TASK TO CARRY OUT -
Repeat the data exactly, leaving out any image.

____

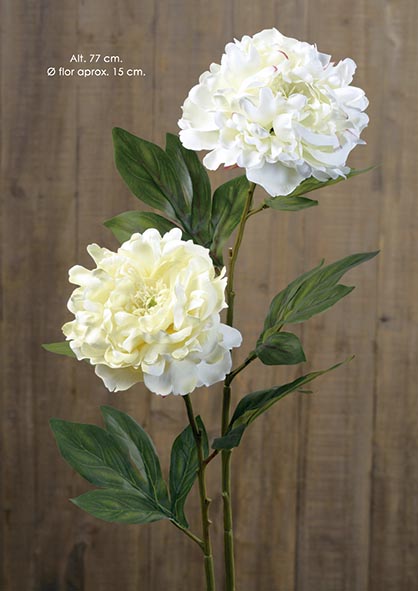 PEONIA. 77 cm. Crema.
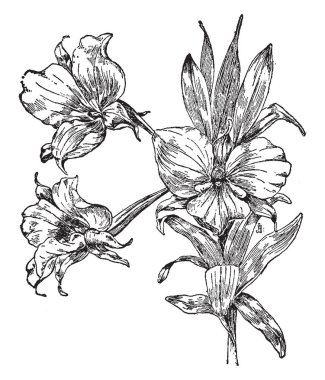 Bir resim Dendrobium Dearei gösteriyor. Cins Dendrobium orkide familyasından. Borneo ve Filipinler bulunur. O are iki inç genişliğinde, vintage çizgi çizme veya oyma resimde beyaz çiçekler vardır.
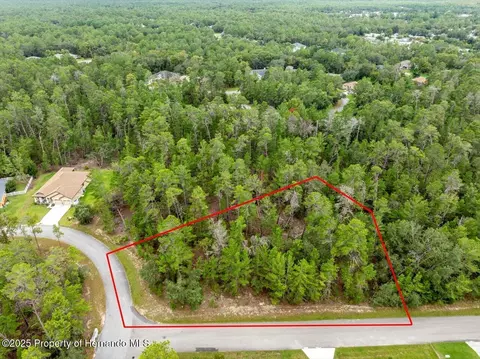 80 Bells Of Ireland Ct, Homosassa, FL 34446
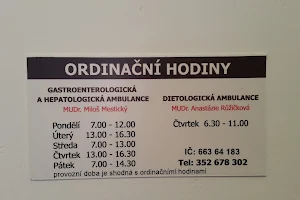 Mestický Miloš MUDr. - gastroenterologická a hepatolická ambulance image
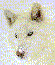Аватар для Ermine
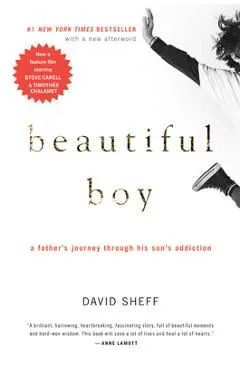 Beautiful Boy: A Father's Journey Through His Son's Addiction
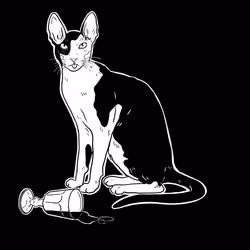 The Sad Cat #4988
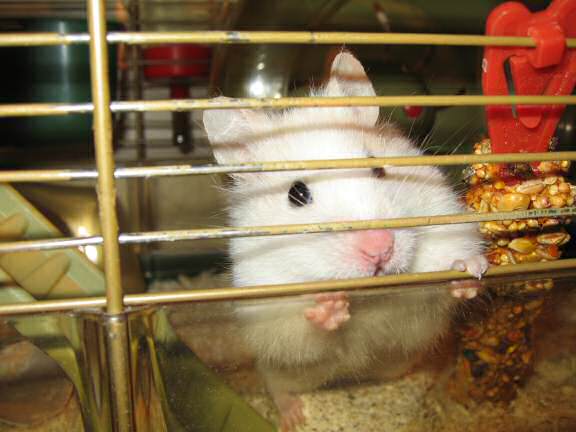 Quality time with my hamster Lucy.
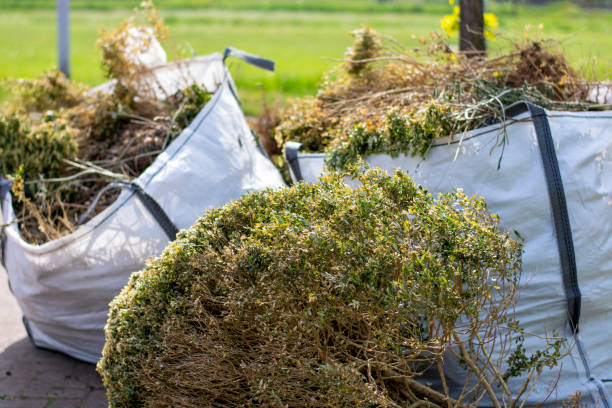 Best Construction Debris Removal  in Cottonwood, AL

____

TASK OUTPUT -
 PEONIA. 77 cm. Crema.
 Bir resim Dendrobium Dearei gösteriyor. Cins Dendrobium orkide familyasından. Borneo ve Filipinler bulunur. O are iki inç genişliğinde, vintage çizgi çizme veya oyma resimde beyaz çiçekler vardır.
 80 Bells Of Ireland Ct, Homosassa, FL 34446
 Mestický Miloš MUDr. - gastroenterologická a hepatolická ambulance image
Аватар для Ermine
 Beautiful Boy: A Father's Journey Through His Son's Addiction
 The Sad Cat #4988
 Quality time with my hamster Lucy.
 Best Construction Debris Removal  in Cottonwood, AL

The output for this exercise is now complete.